Saturday, February 2, 2008
The book is a collection of entries from a multi-author blog I read religiously, Language Log. Even so, the book is useful because it brings together entries topically, and because I have not gone through the entire online archives to find entries of interest that were written before I started reading the blog. Of the book's two main authors, one tends more towards elegance and reasoned argument; the other towards bombast and apoplexy.* I find myself agreeing more often with the first, but wildly enjoying the writing of the second. Is that so wrong?

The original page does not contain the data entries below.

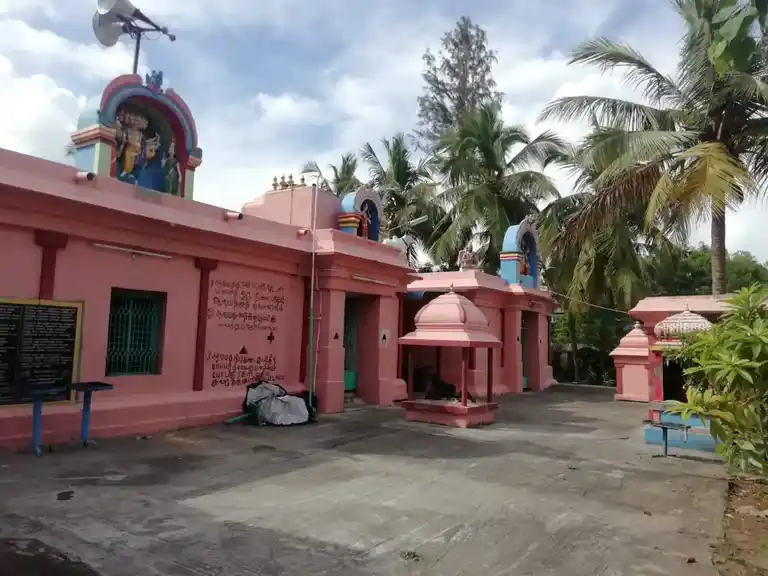 Arulmigu Somsundareswarar Temple, Vairapuram - 604207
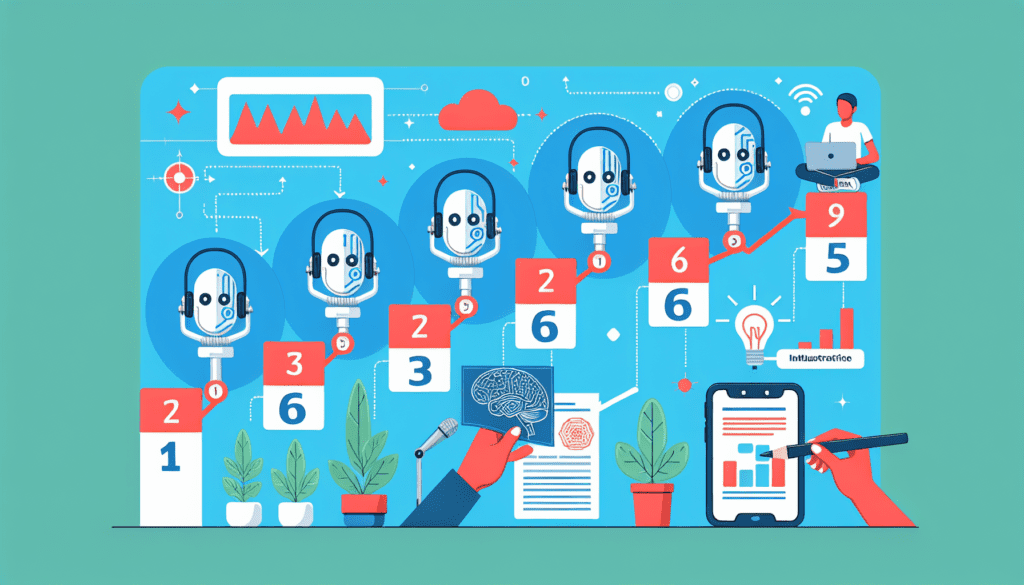 使用人工智能规划您的播客剧集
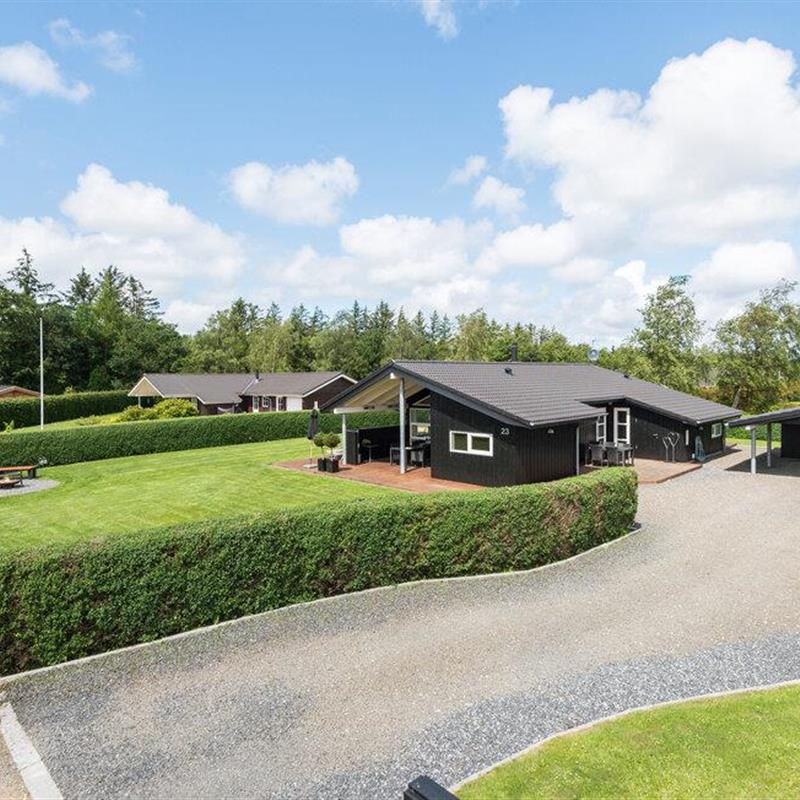 Ferienhaus - 6 Personen -  - Nordmarken - Bork Havn - 6893 - Hemmet Strand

I bring this all up, reader, because an item from the book caught my eye as I was reading on the bus yesterday. Mr. Bombast objected to this poem by e. e. cummings (or E. E. Cummings--turns out either one is right):
since feeling is first
who pays any attention
to the syntax of things
will never wholly kiss you;
wholly to be a fool
while Spring is in the world
my blood approves,
and kisses are a better fate
lady i swear by all flowers. Don't cry
- the best gesture of my brain is less than
your eyelids' flutter which says
we are for each other; then
laugh, leaning back in my arms
for life's not a paragraph
And death i think is no parenthesis
Because I'm not American I did not read this poem in school. Apparently it is widely taught; several web sites refer to it as Cummings' best-known poem. Although I read a bunch of Cummings as a teenager, I don't remember ever coming across this particular poem; more surprisingly, perhaps, I never had to help a student find criticism of it when I was a literature librarian in New York, where it may even be on the syllabus. So you see, I found it a pretty rude shock when I read it yesterday on the bus.

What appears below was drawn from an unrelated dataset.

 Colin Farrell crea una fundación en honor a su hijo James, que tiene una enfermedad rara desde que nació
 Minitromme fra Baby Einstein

Now, Mr. Bombast disputes the opinion given in the first stanza. "When a grammarian kisses you, you stay kissed," he says. I have no means of evaluating this statement, but I am willing to take his word for it (and frankly, if either he or Mr. Elegant felt like kissing me, I wouldn't object--that's how much I like their book). What shocked me, by contrast, was the last few lines. "[L]ife's not a paragraph," Cummings claims. It isn't? As someone who finds books as vivid and meaningful as any other aspect of life, I can't seem to make this assertion make sense. I toss it back and forth in my head, but no, life still seems a lot like a paragraph. But there is worse to come: "And death i think is no parenthesis"--surely this is a veiled criticism of Virginia Woolf?

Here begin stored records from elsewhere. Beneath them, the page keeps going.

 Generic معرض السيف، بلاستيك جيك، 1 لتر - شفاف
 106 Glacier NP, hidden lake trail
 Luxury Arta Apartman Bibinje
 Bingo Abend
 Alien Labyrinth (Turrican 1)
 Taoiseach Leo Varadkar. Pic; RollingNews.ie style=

You see, in the second part of To the Lighthouse a number of events, both consequential and trivial, take place in tiny vignette flashbacks or flash forwards, marked by parentheses (or brackets in some editions). One such is this:
[Mr Ramsay, stumbling along a passage one dark morning, stretched his arms out, but Mrs Ramsay having died rather suddenly the night before, his arms, though stretched out, remained empty.]And as if that weren't bad enough, a few pages later one of the daughters, having been married parenthetically, also succumbs thus:
[Prue Ramsay died that summer in some illness connected with childbirth, which was indeed a tragedy, people said, everything, they said, had promised so well.]When I first read To the Lighthouse, which I only did well into my thirties because Shmu told me I had to, when I got to Mrs. Ramsay's death I actually gasped. When I got to Prue's I was all but done in. So there you have it. Life is a paragraph; death is a parenthesis. What was Cummings thinking?
* He begins one entry: "I'd like to take a minute of Language Log time to slap [a certain New York Times science writer] real hard upside the head, if that's all right." What follows is more like what I'm used to calling, in scholarly situations, a serious spanking.